An Editorial Exception?
This article is from the archive of The New York Sun before the launch of its new website in 2022. The Sun has neither altered nor updated such articles but will seek to correct any errors, mis-categorizations or other problems introduced during transfer.
Well, that didn’t take long. It was only in January that the Supreme Court, in one of the greatest First Amendment cases in American history, declared that the employment discrimination laws couldn’t be brought against a church over the firing of a minister, even in the face of allegations that it fired the minister for threating to file an employment discrimination claim. “The interest of society in the enforcement of employment discrimination statutes is undoubtedly important,” wrote the Chief Justice of America, John Roberts, for a unanimous court. “But so too is the interest of religious groups in choosing who will preach their beliefs, teach their faith, and carry out their mission. When a minister who has been fired sues her church alleging that her termination was discriminatory, the First Amendment has struck the balance for us. The church must be free to choose those who will guide it on its way.”
Well, if churches must be free to choose those who will guide them, what about newspapers? They are covered, after all, by the same First Amendment that prohibits the Congress from interfering with religion. This is the question that hangs over the case that is being levied against the New York Post by an editor it fired in the dispute over the infamous editorial cartoon that was published in 2009 and that, as Reuters put it the other day, “appeared to liken President Barack Obama to a chimpanzee.” Our instinct is that the editor who objected so vociferously, Sandra Guzman, had the better part of judgment in respect of whether the cartoon was offensive. Rupert Murdoch himself eventually issued an apology. It’s another question, however, whether the newspaper broke the employment discrimination laws when it fired Ms. Guzman, who says that her firing was in retaliation for her complaints.
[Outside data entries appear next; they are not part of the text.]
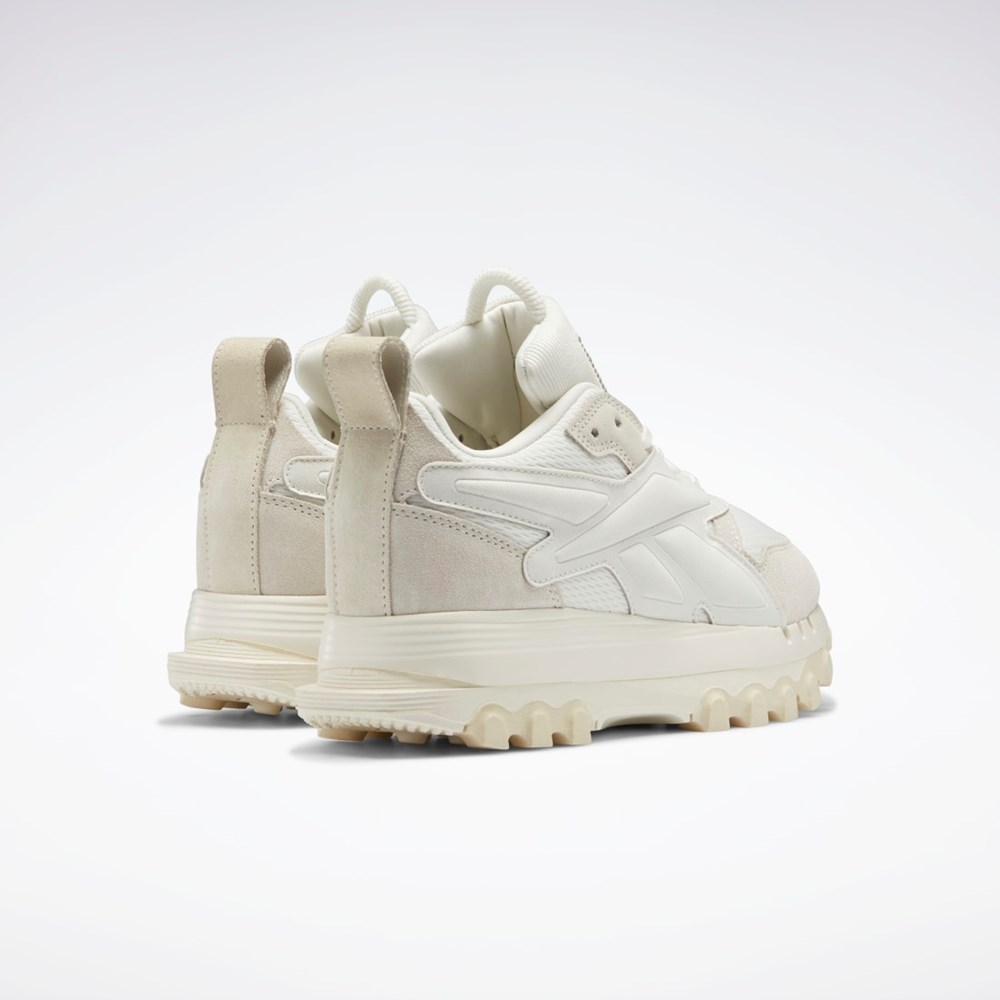 Reebok Cardi B Classic Leather V2 Shoes Chalk / Chalk / Alabaster | FUZIPK-357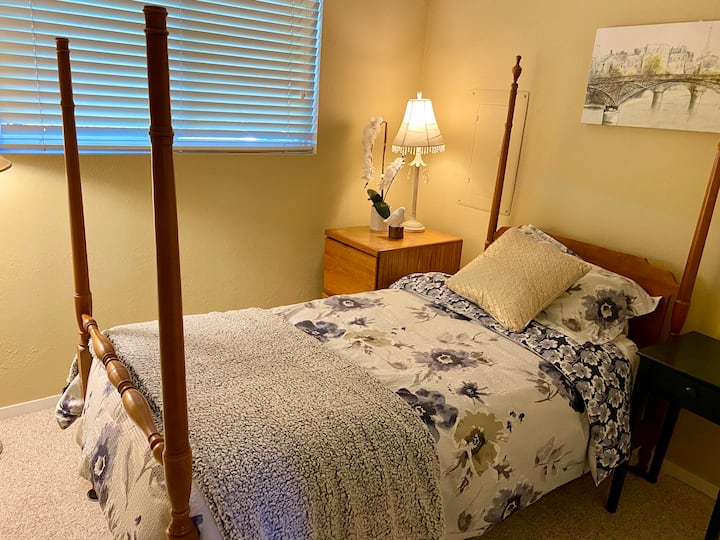 ห้องนอน 3 เตียงโปสเตอร์ 4 หลัง 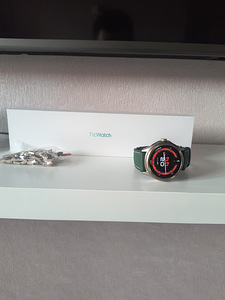 TicWatch Pro 5 (1 фото из 4)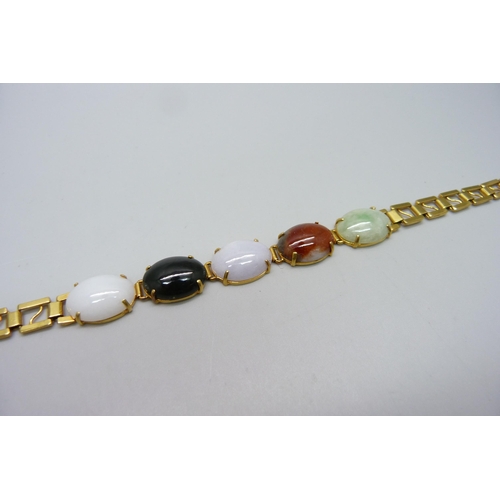 927 - A yellow metal Chinese multi-coloured jade cabochon set bracelet, marked 14k, total weight 15.9g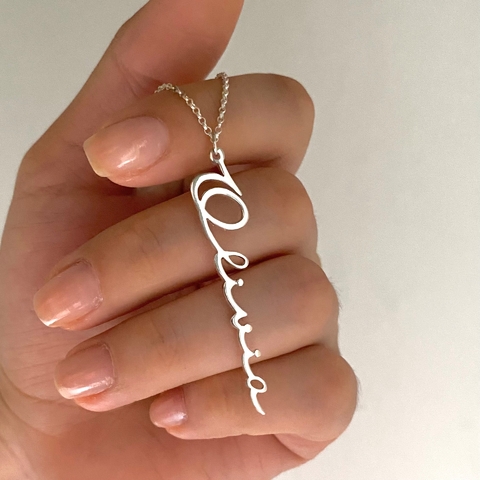 NAME NECKLACE VERTICAL SILVER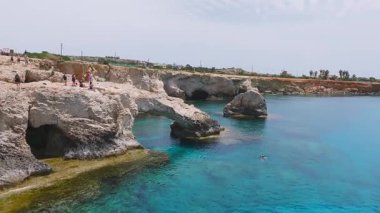 Kıbrıs Rum Kesimi 'nin Ayia Napa kentindeki Sevgi Kemeri kaya oluşumu, kireçtaşı uçurumları, deniz mağarası ve turkuaz suları üzerinde pürüzsüz bir hava temizliği..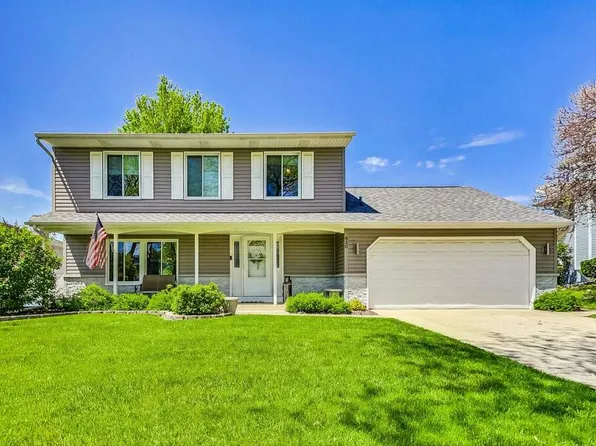 830 Longford Dr, Roselle, IL 60172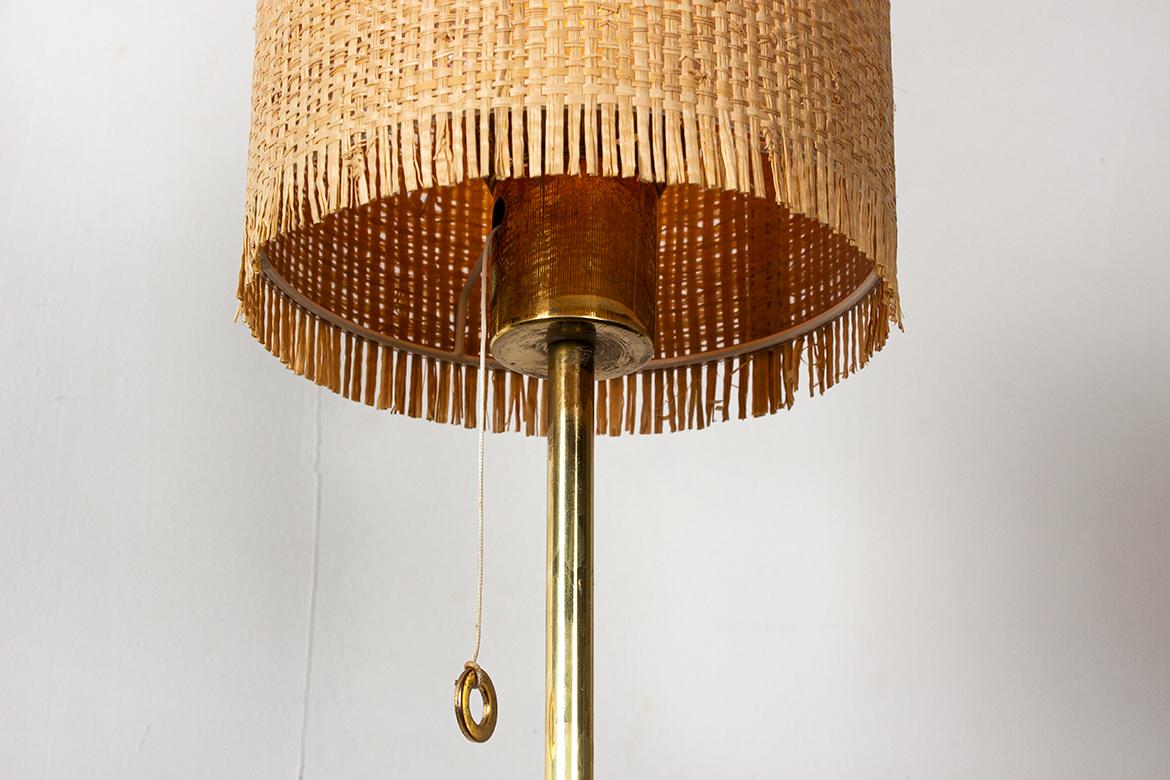 Lampada da terra svedese in ottone, base in ghisa, modello G 019 di Bergboms 1960. in vendita 1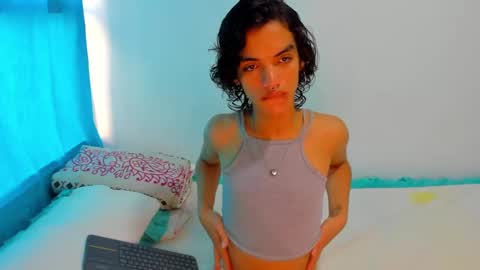 Snapshot of engel20042001 chatting on 12/29/24, 01:49 engel20042001 online show from 12/29/24, 01:49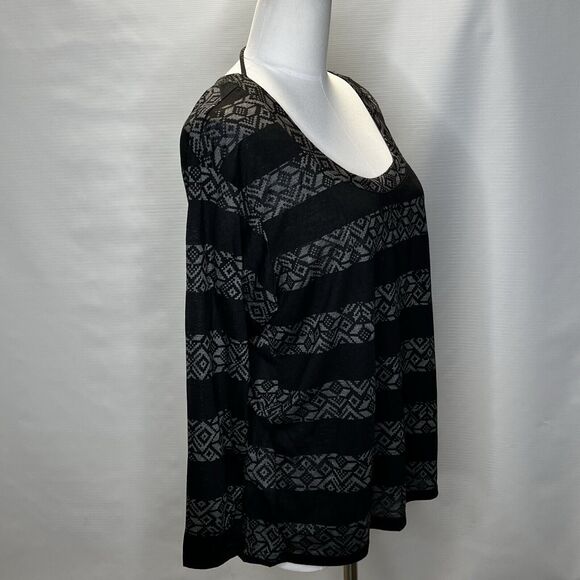 Wet Seal Y2K Black Long Sleeve Round Neck Top Size Large Whimsigoth Tribal - Picture 3 of 9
The case is in the news because the other day a magistrate judge in federal court in New York ordered the editor of the Post, Col Allan, to answer questions that, according to the Reuters dispatch, the Post asserts would let Ms. Guzman “breach ‘the heart of the editorial process.’” The Post is appealing the order to a full federal district judge. How far it will press the issue, we don’t know. But we wish the Post luck. When the Supreme Court handed down its ruling in the Hosanna-Tabor case, the phrase it used to describe the rights of the church was a “ministerial exception,” as in there’s a “ministerial exception” to the employment discrimination laws. Our question is why the exception should be limited to ministers. The First Amendment that protects the churches is the same one that protects the newspapers, who need to be unfettered in choosing who — to paraphrase the Supreme Court — will preach their beliefs, teach their faith, make up their front pages, and decide whether their cartoons are offensive. Why should newspapers play second fiddle under the First Amendment?